Et les pauvres gens des villages forestiers, les bûcherons, les charbonniers, — souvent sans travail et sans pain, le toit de chaume percé par la pluie, la femme et les enfants grelottant de froid, — tout hagards sur le seuil de leurs misérables baraques, voyant passer le terrible Burckar, les joues plus tirées et les yeux plus enfoncés que les leurs, se disaient entre eux :

« Un si grand seigneur, un homme si puissant, qui possède tous les biens de la terre, dont les greniers ploient sous le blé, dont les caves sont pleines d’or, comment peut-il avoir l’air si misérable ?… Ah ! si nous étions à sa place… si nous avions la centième partie de ses biens, et seulement les miettes de sa table, c’est nous qui serions heureux !… c’est nous qui bénirions le Seigneur ! »

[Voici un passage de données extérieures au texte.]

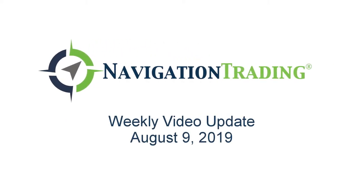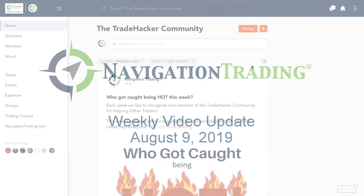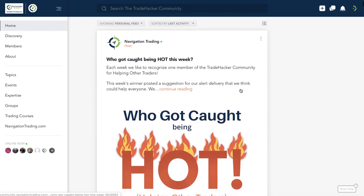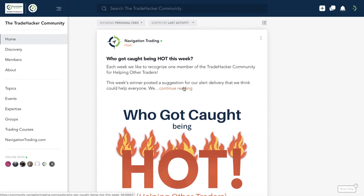What is up, my fellow trade hackers? Welcome to this week's video update. Today is Friday, August 9th. We will review all of our trades and positions for the week. Before we do, let's jump into the community and check out who got caught being hot this week.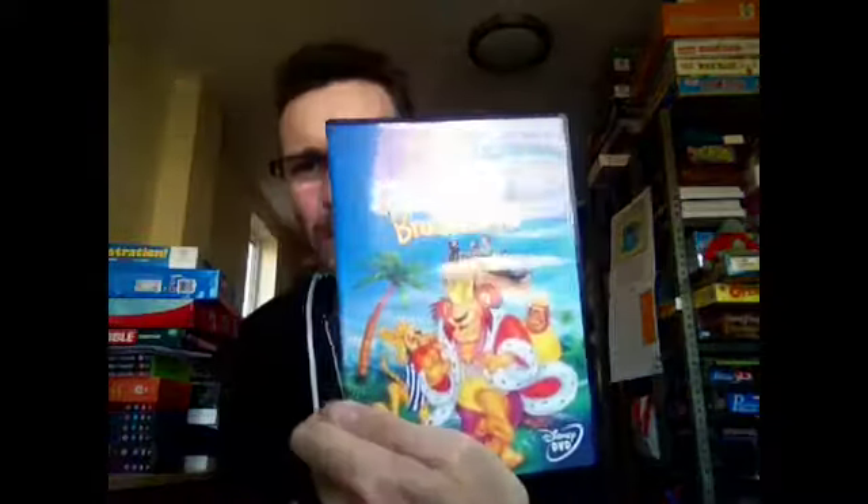A Walt Disney Bedknobs and Broomsticks DVD has gone at £4.99. Another BBC audio book - Sorry I Haven't a Clue - gone for £6.99 with free shipping. That's another one of those Gears of War packs. I've sold loads of these and I've only got two of those packs left. I think I started with 12 or 14 or something.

Oui… oui… c’est facile à dire : « Nous serions heureux ! » seulement il faudrait voir le fond de l’âme des autres, avant de vouloir être à leur place. Les moineaux ont aussi froid et faim chaque hiver, ils crient d’une manière pitoyable et demandent à manger ; mais au printemps comme ils redeviennent gais, comme ils se poursuivent de branche en branche, comme ils chantent ! À quoi me sert d’avoir toujours printemps, si je ne jouis de rien ? À quoi me sert d’avoir la plus belle prairie de la montagne, si la rosée du ciel ne descend jamais dessus et si les herbes se dessèchent ? À quoi me sert d’être le plus fort, le plus puissant, le plus riche, si jamais un regard de tendresse ne vient me réchauffer le cœur, et si jamais le souvenir d’une bonne action ne me remue les entrailles ? Chacun sent bien où son bât le blesse, mais il ne porte pas le fardeau des autres… Avant de vouloir en changer, il faudrait essayer un peu. »

Le vieux garde, en cet endroit, cligna de l’œil en souriant ; il remplit nos verres.

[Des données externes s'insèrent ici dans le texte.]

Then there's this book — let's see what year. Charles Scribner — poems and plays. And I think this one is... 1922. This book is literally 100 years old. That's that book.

« À votre santé, monsieur Théodore.

— À la vôtre, père Frantz.

— Vous croyez peut-être, reprit-il, que c’est le remords de ses meurtres, de ses incendies, de ses pillages qui rendait le Burckar si misérable ? Eh bien, au contraire, il regrettait de ne pas en avoir fait assez ! Ce qui le rendait si furieux contre le genre humain, ce brigand, vous allez le savoir ; et vous verrez s’il n’y a pas une providence sur la terre, vous verrez si les pauvres honnêtes n’ont pas de meilleures raisons d’être réjouis, que les gens riches et prospères en apparence, mais qu’un ver ronge intérieurement.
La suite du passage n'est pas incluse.